Politics

10-council combined Water Services body will cut bills?

Nov 2024

It’s coming down the pipe. October 30 was the deadline for district and regional councils to decide which cosy partnership would best serve their ratepayers’ water needs for the next tens of years.

If initial cost and pricing estimates hold up, a 10-combo Water Services Council Controlled Organisation (WSCCO) has won the race hands down – at least on initial price estimates for providing Local Water Done Well under the government-mandated three waters changes.

Price estimates put to a workshop in Martinborough last month for an average annual household water bill were:

  • South Wairarapa/Carterton stand-alone water entity: $7,000 a year by 2035;
  • “Wai+T” (three Wairarapa councils plus Tararua grouping): $5,000+ in South Wairarapa and Carterton, $2,000 in Masterton, $4,000 in Tararua by 2035;
  • 10-council group (Horowhenua through to Masterton): $4,300 by 2035, dropping to $2,600 longer-term.

The cost of achieving those 10-council prices: investment of about $17 billion over 25 years.

Dougal List, who presented the 10-council combined Wellington regional model at the workshop, said the cost estimates shared with councillors were indicative only.

He asked the room: “What do the public want?
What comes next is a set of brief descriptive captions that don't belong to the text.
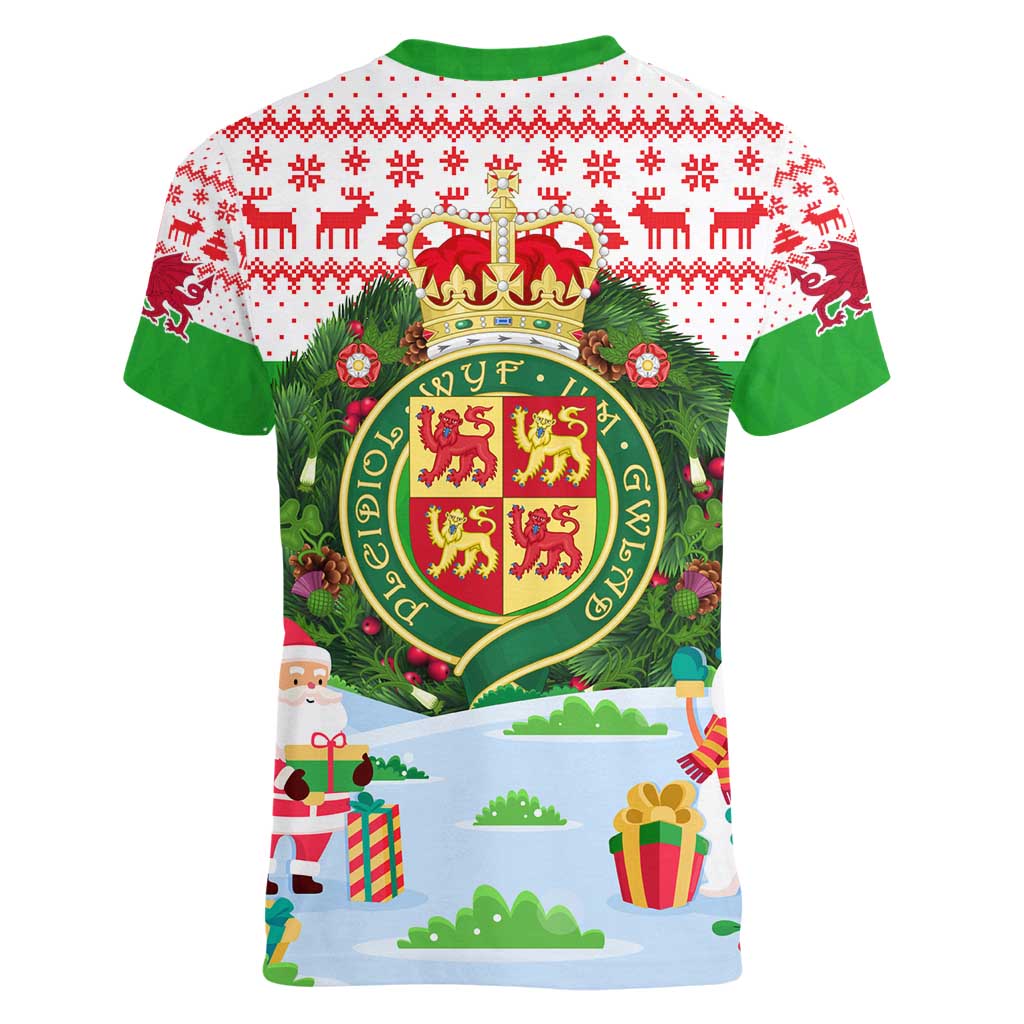 Wales Christmas Women V-Neck T-Shirt with Red Dragon Gift and Holiday Crest Snow Scene - Wonder Print Shop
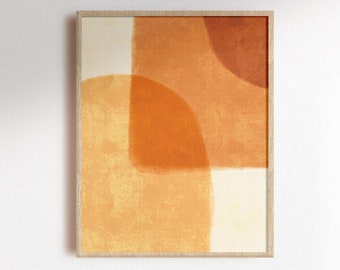 Abstract burnt orange geometric poster, simple pattern wall art printable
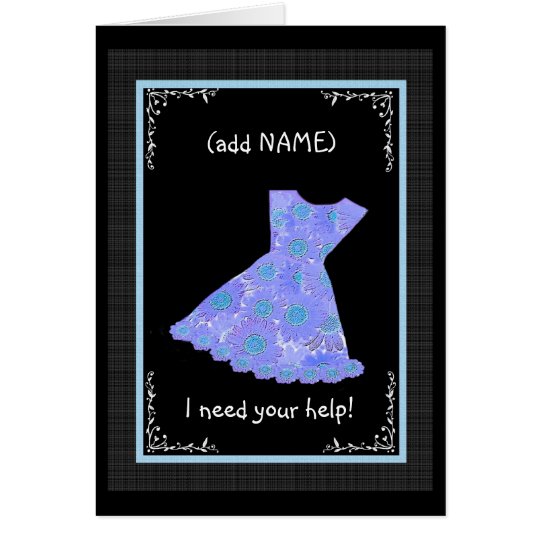CUSTOM NAME Junior Bridesmaid PERWINKLE BLUE Dress Card
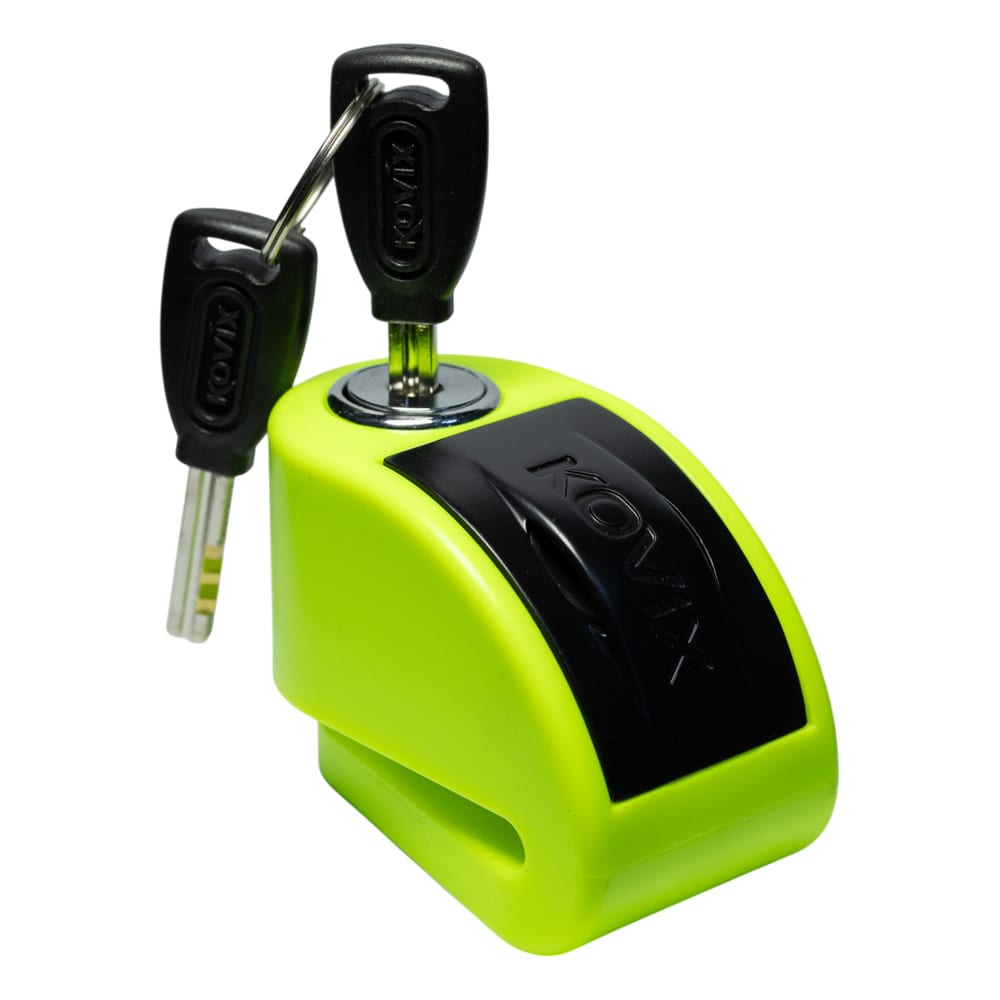 Candado disco moto kovix con alarma kt6 amarillo, negro, naranja
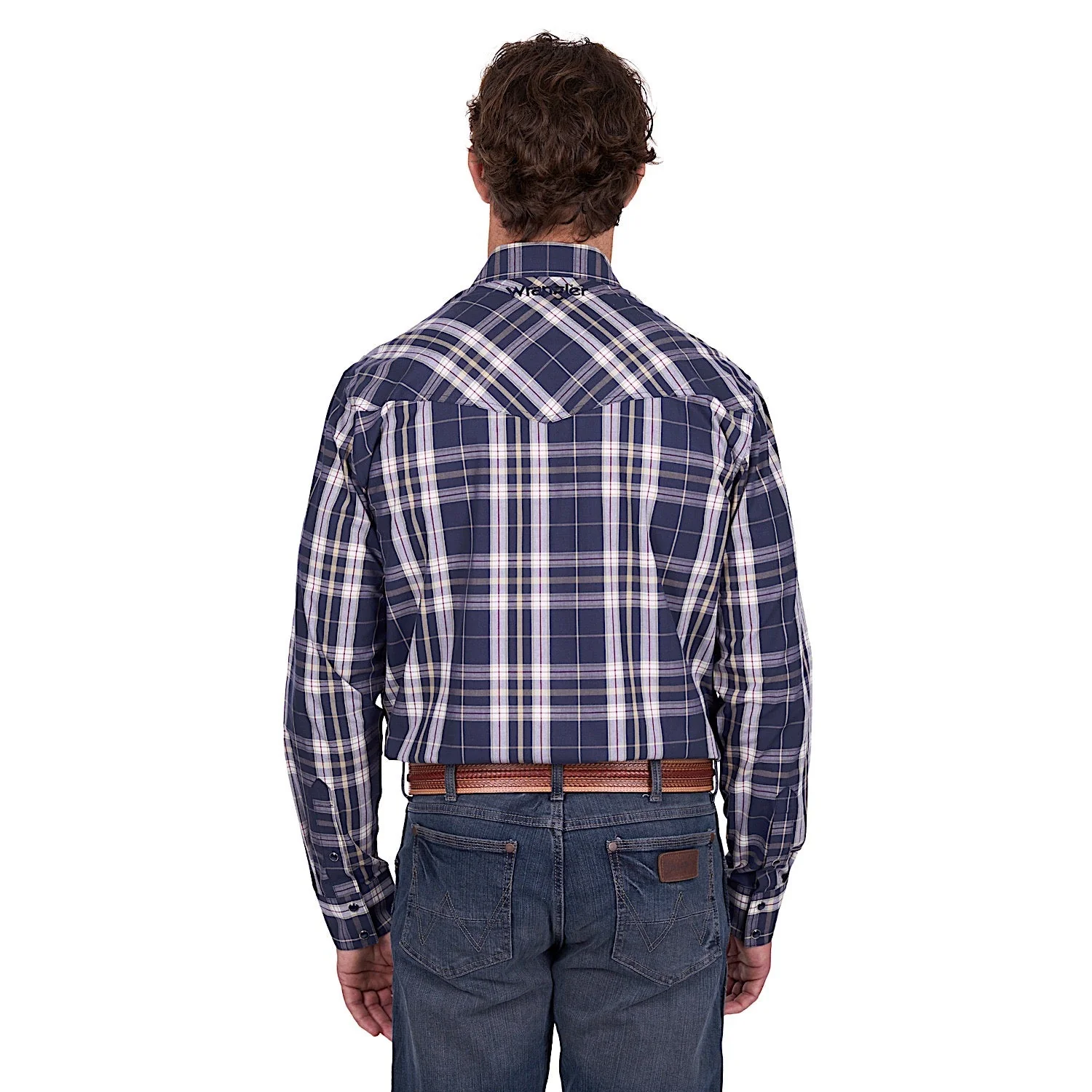 Wrangler Men's Wayne Shirt - Navy/Tan - Image 4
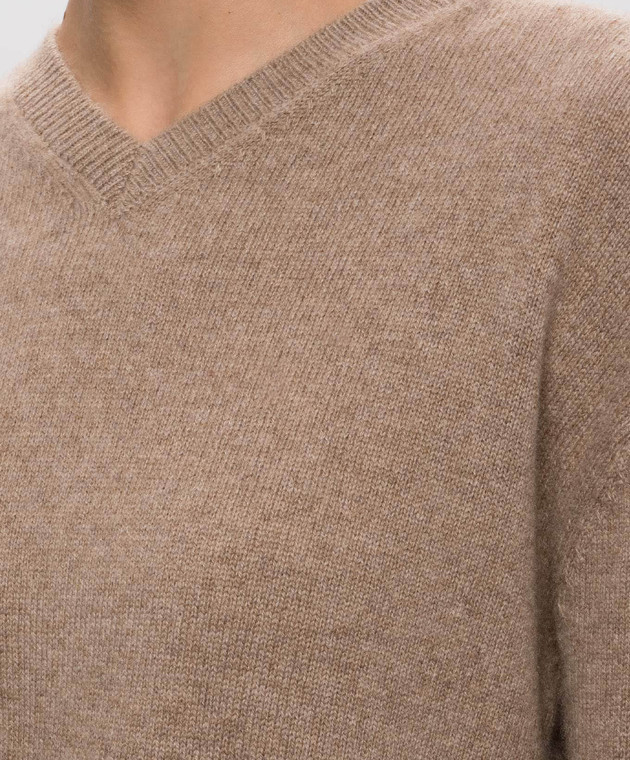 Max Mara Коричневый пуловер FATA из кашемира SMMFATA изображение 5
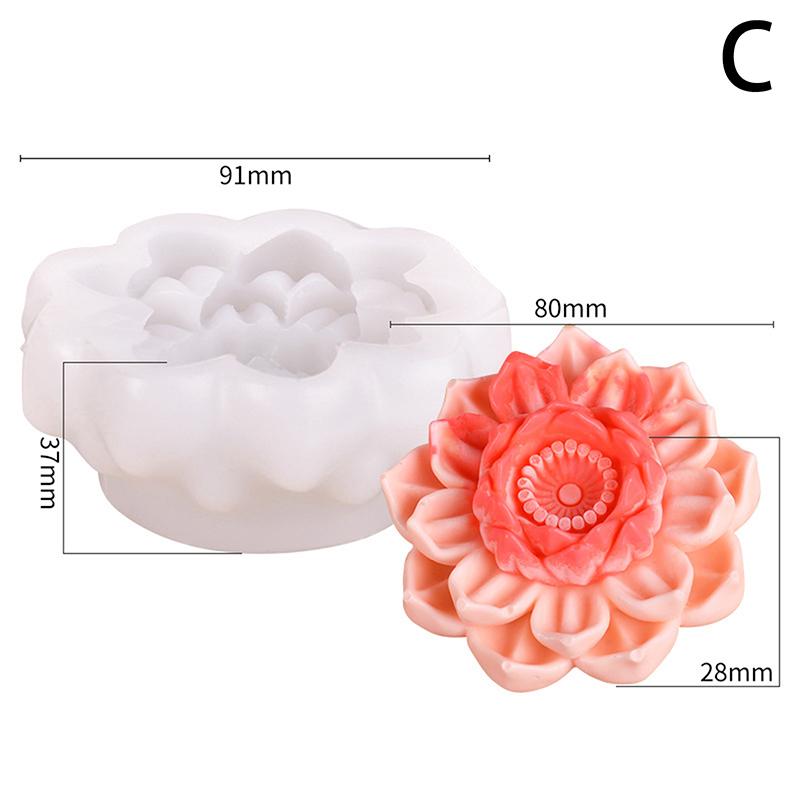 3D Lotus Silicone Molds For Diy Flowers Fondant Cupcake Chocolate Candy Ice Cream Sugar Desserts Candle Soap Plaster Resin Mold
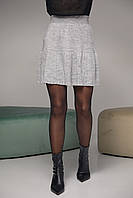 Вязаная юбка с имитацией плиссировки - серый цвет, L (есть размеры) mn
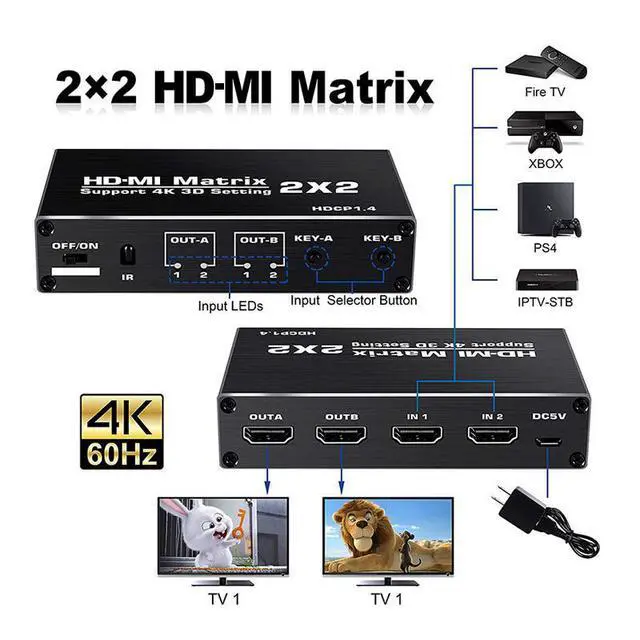 Alt view image 3 of 7 - WRIARICH 4K HDMI Matrix Switch 2 X 2, Switcher Ultra HD Supports Up to 4K @ 60Hz IR, HDR, HDMI 2.0b, HDCP 1.4 , 3D,1080P,YUV 4:2:0- Remote Control (OZJ3)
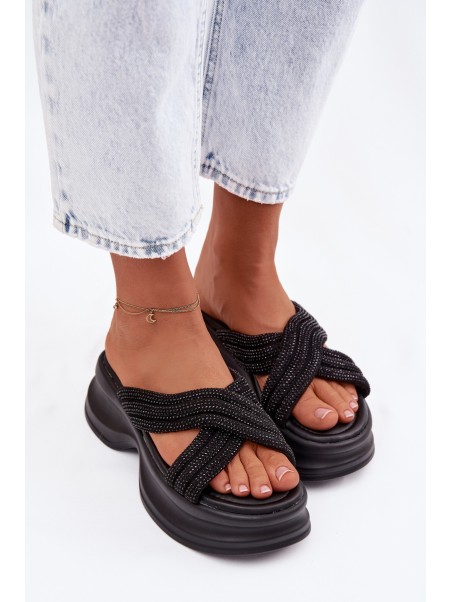 Material Women's Platform Sandals With Straps Black Liorine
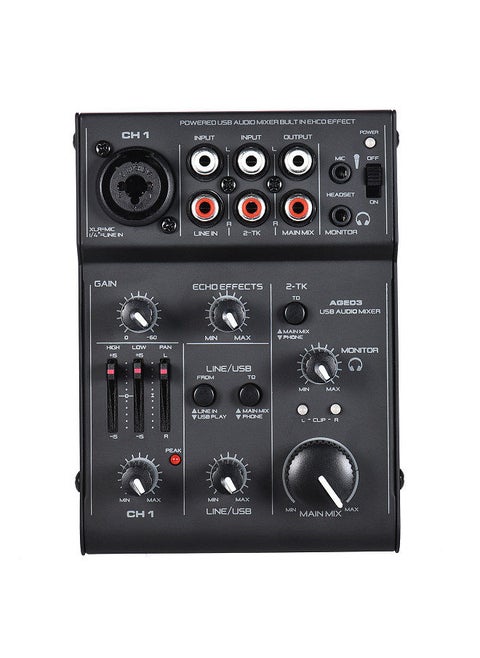AGE03 5-Channel Mini Mic-Line Mixing Console Mixer with USB Audio Interface Built-in Echo Effect USB Powered for Recording DJ Network Live Broadcast Karaoke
Affordable water, water in public ownership, and accessible water.”

The good news from List was that Kapiti and Greater Wellington are the two members of the proposed entity which don’t have outdated water pipelines and significant wastewater problems.

Bills for water would come not from the local council, but separately and directly from the proposed WSCCO. “It (the water charge) won’t be in the rates bill,” he said.

South Wairarapa councillor Alistair Plimmer said councils are already charging ratepayers “the upper limit of what is affordable.”

“If you’re talking about (bills) going up more, at what stage does it become absolutely ludicrous because people can’t even afford it. If you are going to force people who can’t afford to pay for this (extra) $3,000 to $6,000 a year – people will lose their homes over this,” he told the meeting.

“I think we need to stop using the term ‘affordability’ because people are watching this presentation and saying, ‘affordable? My arse it’s affordable. It’s not’,” he added.

Iwi and hapu representatives said when the 10-grouping modellers would accept only one Wairarapa Iwi representative – despite there being two Wairarapa Iwi – they realised they could lose their voice at the table.

List responded, noting an entity spanning a number of rohe and Iwi will “need a range of relationships at a range of levels.”

One Iwi member said the entity “will need to build on, and honour, current relationships.”

System resilience to major weather events would likely be improved because the new structure will provide the capacity to deal with the event through its planned debt level increase, a Department of Internal Affairs representative told a questioner. This will provide “a real resilience option.”

Following the October 30 decisions, councils will consult communities to determine a water services delivery plan, which must be presented to government next year. Further legislation (known as “Part 3”) will be passed before the changeover to the new entities begins.